If consumer platforms are easy mode, Home Assistant is where you take full control.

Home Assistant is:

  • Self-hosted
  • Open-source
  • Local-first and event-driven

This is where automation becomes intentional instead of convenient.

Local Control and Real Protocols

Home Assistant shines when you move beyond Wi-Fi devices into protocols like Zigbee:

  • Low power usage
  • Mesh networking
  • Reliable local communication

And with Matter gaining traction, you start seeing:

  • Vendor-agnostic devices
  • Less cloud dependency
  • Real interoperability

At this point, home automation starts looking a lot like enterprise IT: standards matter, lock-in hurts, and local control is king.

Sensors Change the Game

Once you add sensors, automation stops reacting to commands and starts reacting to reality:

  • Water temperature sensors
  • Leak detectors under sinks and appliances
  • Humidity and environmental monitoring
  • Presence and motion detection

That enables automations like:

  • Shutting off water when a leak is detected
  • Alerting before damage happens
  • Adjusting HVAC based on actual usage

This isn’t convenience—it’s prevention. The same philosophy IT uses to detect failures before users notice.


One Pattern, Everywhere

Work automation.
AV automation.
Home automation.

They’re all doing the same thing:

  • Removing repetitive decisions
  • Encoding “what usually happens”
  • Letting systems assume defaults

The context changes. The principle doesn’t.

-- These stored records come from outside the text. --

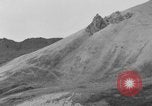 Image of herd of Caribou Alaska USA, 1929, second 29 stock footage video 65675051280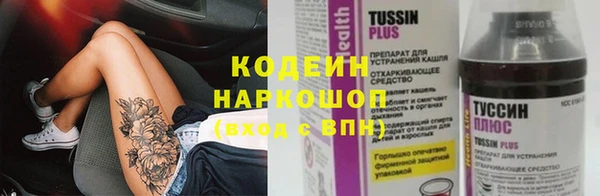 прущие грибы Армянск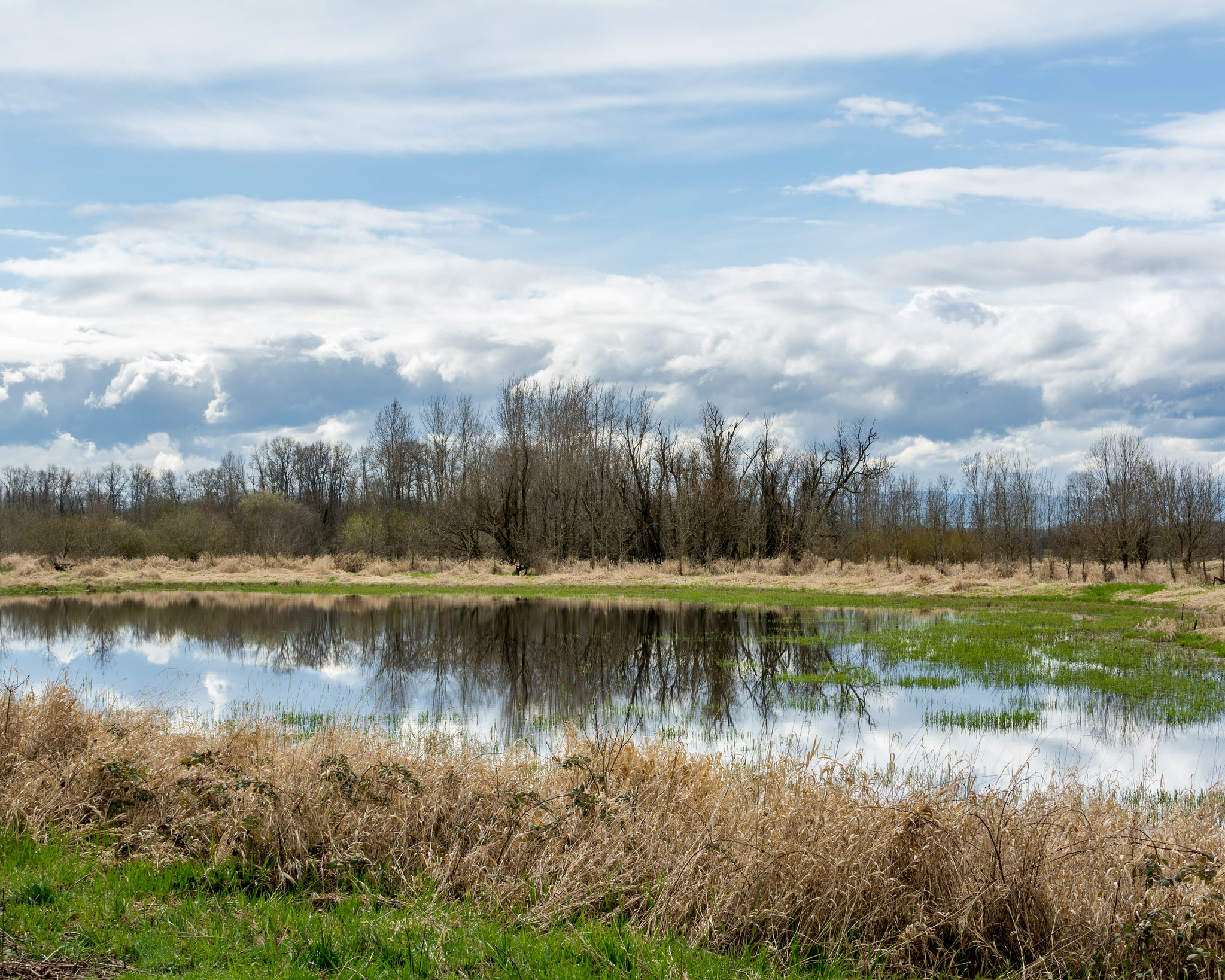 Wetlands Reflections<br>Matthew Warner © Creative Commons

At work, automation protects time and accuracy.
At home, it protects energy and attention.


Why Automation Actually Matters

Automation isn’t about tools.
It’s about focus.

When routine decisions disappear:

  • You stop context-switching
  • You make better decisions
  • You save energy for problems that matter

That applies to IT operations, conference rooms, and living rooms alike.

The best automation is invisible.
Things just happen. And when that becomes the expectation, you know automation has done its job—because you’re free to focus on what’s actually ahead of you.